A proposta de realizar o Dia Internacional do Chá em 21 de maio foi liderada pela República Popular da China após a 23a Sessão do Grupo Intergovernamental (IGG) sobre o Chá, realizada em Hangzhou em maio de 2018.

A observância visa reconhecer e promover a contribuição da erva para a saúde humana, socialização, património cultural, desenvolvimento rural e meios de subsistência sustentáveis. O chá é uma das principais culturas lucrativas para milhões de famílias nos países em desenvolvimento e, como um setor de trabalho intensivo, incluindo processamento, o setor fornece empregos em áreas remotas e economicamente desfavorecidas.

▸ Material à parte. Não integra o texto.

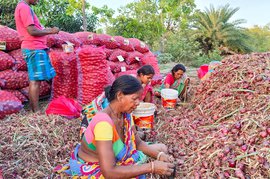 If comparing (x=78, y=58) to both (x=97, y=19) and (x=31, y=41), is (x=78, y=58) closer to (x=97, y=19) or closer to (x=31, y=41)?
(x=31, y=41)

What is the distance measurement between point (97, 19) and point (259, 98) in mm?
8230

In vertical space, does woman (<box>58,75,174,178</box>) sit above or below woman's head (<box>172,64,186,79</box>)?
below

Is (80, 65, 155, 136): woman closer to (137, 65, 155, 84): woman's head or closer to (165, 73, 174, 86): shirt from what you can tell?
(137, 65, 155, 84): woman's head

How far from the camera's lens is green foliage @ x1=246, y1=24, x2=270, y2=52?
12.1 m

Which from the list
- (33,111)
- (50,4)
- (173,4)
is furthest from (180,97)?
(173,4)

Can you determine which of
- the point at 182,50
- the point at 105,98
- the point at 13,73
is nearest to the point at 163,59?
the point at 182,50

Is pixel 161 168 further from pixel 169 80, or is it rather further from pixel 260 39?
pixel 260 39

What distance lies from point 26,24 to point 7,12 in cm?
616

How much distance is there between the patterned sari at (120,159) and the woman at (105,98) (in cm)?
48

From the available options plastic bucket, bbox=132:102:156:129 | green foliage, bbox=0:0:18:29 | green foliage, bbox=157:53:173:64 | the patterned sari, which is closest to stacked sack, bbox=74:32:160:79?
plastic bucket, bbox=132:102:156:129

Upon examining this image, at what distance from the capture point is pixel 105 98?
2131 millimetres

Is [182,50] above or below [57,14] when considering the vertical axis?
below

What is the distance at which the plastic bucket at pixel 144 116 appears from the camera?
235 cm

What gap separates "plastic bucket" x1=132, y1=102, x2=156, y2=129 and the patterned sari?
0.69 m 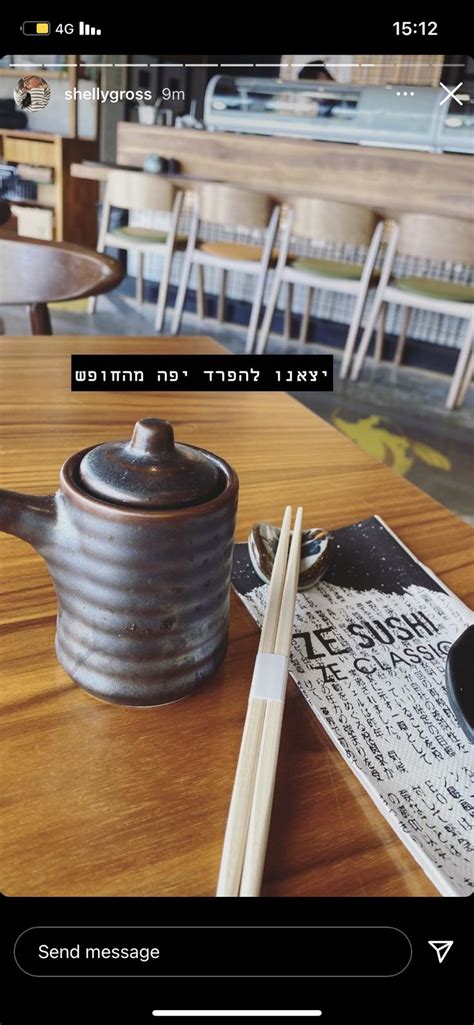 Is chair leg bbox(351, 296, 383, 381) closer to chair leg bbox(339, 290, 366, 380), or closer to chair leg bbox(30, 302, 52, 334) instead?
chair leg bbox(339, 290, 366, 380)

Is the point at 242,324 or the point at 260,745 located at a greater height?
the point at 260,745

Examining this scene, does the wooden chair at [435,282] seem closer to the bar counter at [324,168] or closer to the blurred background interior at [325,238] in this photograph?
the blurred background interior at [325,238]

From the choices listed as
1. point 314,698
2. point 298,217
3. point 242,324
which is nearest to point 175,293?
point 242,324

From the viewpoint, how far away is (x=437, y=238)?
2791 millimetres

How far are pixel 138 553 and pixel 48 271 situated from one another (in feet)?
3.19

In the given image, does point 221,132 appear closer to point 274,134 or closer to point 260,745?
point 274,134

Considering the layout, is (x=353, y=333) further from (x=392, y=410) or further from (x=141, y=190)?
(x=141, y=190)

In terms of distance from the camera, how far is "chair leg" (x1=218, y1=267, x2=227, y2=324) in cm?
392

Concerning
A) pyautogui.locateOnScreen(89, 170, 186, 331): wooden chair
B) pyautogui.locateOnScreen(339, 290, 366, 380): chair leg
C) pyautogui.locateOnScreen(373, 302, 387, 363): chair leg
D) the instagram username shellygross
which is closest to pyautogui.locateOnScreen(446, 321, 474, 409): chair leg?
pyautogui.locateOnScreen(339, 290, 366, 380): chair leg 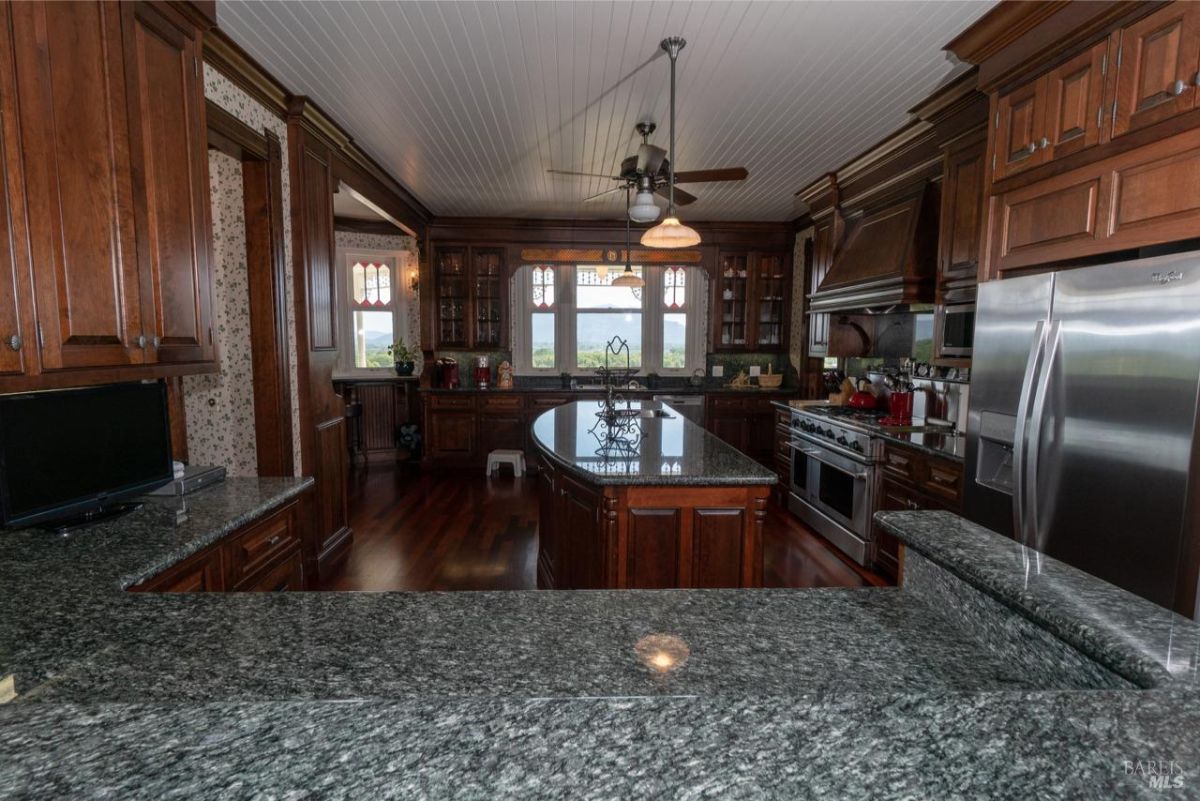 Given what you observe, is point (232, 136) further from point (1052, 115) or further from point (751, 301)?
point (751, 301)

O setor de chá contribui para os principais Objetivos de Desenvolvimento Sustentável da Agenda 2030, reduzindo notavelmente a pobreza e erradicando a fome, criando empregos, gerando renda e melhorando os meios de subsistência das comunidades envolvidas em atividades de produção.

Perda e desperdício de alimentos

Andorra e São Marinho desempenharam um papel fundamental na proposta do Dia Internacional de Conscientização sobre Perda e Desperdício de Alimentos (FLW). O dia oferece uma oportunidade para aprimorar o foco na necessidade de reduzir o FLW e como esta medida pode contribuir para o desenvolvimento sustentável.

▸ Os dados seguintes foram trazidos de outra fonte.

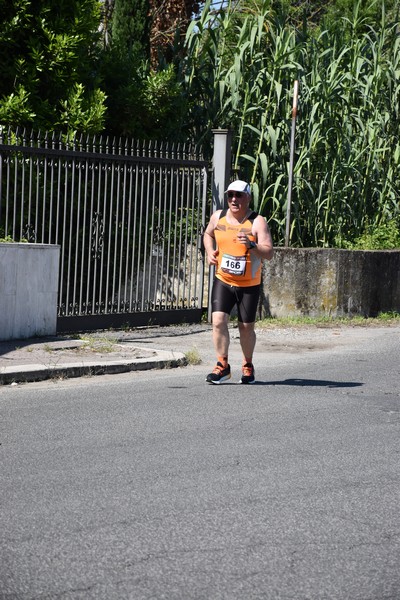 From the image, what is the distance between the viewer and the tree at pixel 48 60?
595 inches

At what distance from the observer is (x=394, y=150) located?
19.4 meters

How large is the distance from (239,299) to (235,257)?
418mm

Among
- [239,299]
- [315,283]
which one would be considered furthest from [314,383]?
[315,283]

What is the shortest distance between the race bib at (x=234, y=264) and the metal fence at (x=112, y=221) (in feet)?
11.2

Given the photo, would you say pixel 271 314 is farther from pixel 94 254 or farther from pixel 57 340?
A: pixel 57 340

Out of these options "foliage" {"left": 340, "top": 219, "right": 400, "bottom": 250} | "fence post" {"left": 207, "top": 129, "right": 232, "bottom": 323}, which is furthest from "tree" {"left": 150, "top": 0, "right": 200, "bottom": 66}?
"fence post" {"left": 207, "top": 129, "right": 232, "bottom": 323}

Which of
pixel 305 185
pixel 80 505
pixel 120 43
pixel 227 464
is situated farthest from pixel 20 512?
pixel 120 43

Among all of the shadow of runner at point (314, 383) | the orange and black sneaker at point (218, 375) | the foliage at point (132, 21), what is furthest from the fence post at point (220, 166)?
the foliage at point (132, 21)

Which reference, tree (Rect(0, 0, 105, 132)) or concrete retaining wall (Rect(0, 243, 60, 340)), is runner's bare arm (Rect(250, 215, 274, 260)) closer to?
concrete retaining wall (Rect(0, 243, 60, 340))

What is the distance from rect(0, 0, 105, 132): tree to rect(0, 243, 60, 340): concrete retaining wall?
3.10 meters

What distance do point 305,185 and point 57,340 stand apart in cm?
607

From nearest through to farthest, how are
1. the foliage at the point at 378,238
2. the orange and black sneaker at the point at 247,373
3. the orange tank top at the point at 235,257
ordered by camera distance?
the orange tank top at the point at 235,257 → the orange and black sneaker at the point at 247,373 → the foliage at the point at 378,238

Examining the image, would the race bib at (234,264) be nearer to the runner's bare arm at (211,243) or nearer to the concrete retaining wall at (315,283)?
the runner's bare arm at (211,243)

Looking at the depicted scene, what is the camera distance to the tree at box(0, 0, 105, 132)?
49.6 ft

Conforme explorado em profundidade no Relatório “O Estado da Segurança e Nutrição Alimentar no Mundo”, de 2019 publicado pela FAO, a perda e o desperdício de alimentos acarretam emissões de gases com efeito de estufa (GEE) significativas, que aumentam o desafio das alterações climáticas e o impacto na segurança alimentar. Estima-se que 14% dos alimentos do mundo sejam perdidos ao longo da cadeia, desde o ponto de colheita até à comercialização, quantidade à qual acresce o que cada consumidor deita fora.

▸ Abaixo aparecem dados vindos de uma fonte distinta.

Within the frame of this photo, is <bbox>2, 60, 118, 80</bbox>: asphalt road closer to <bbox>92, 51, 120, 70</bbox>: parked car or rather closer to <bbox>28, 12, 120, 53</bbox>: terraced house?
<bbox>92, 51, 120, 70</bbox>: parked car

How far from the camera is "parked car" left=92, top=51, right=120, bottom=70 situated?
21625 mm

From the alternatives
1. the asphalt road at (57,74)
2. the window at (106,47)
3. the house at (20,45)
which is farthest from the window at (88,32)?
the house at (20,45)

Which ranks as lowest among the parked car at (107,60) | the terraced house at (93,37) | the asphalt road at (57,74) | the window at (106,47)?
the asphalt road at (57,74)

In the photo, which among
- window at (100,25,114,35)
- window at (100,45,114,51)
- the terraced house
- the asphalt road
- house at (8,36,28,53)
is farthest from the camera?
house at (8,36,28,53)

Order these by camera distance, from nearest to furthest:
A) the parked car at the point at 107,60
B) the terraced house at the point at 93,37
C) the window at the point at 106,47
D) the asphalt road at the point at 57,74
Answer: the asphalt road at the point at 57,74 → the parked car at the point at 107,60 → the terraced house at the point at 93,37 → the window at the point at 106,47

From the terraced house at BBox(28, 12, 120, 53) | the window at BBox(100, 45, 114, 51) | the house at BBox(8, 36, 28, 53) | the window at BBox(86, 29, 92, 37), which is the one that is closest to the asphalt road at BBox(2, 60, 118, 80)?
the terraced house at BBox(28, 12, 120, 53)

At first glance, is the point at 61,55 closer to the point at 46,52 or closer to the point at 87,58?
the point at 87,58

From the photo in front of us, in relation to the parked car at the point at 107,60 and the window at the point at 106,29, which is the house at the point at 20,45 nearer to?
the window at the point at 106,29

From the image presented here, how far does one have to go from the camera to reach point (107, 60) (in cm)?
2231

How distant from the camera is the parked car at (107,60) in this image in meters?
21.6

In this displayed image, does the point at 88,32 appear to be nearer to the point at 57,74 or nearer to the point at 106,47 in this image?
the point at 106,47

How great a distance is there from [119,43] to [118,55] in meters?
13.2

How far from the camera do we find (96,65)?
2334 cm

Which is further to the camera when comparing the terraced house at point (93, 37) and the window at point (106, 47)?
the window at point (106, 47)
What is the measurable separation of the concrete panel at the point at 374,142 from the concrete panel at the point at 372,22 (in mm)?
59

Que modo de produção agrícola?

De acordo com um Relatório Nações Unidas, já de março 2011, relativo a uma estratégia global para a Agricultura e alimentação, o reinvestimento na Agricultura é essencial para concretizar o direito à alimentação. Mas que investimento?

– Em sistemas de agricultura produtivos e sustentáveis;

– Na agricultura biológica, pois é o modo de produção agrícola que já demonstrou ser o mais adequado a esse objetivo (em diversos países e condições);

-No desenvolvimento e na generalização deste modo de produção, que é o principal desafio atual da agricultura mundial;

-Em políticas públicas apropriadas que possam criar condições para modos de produção agrícola mais sustentáveis.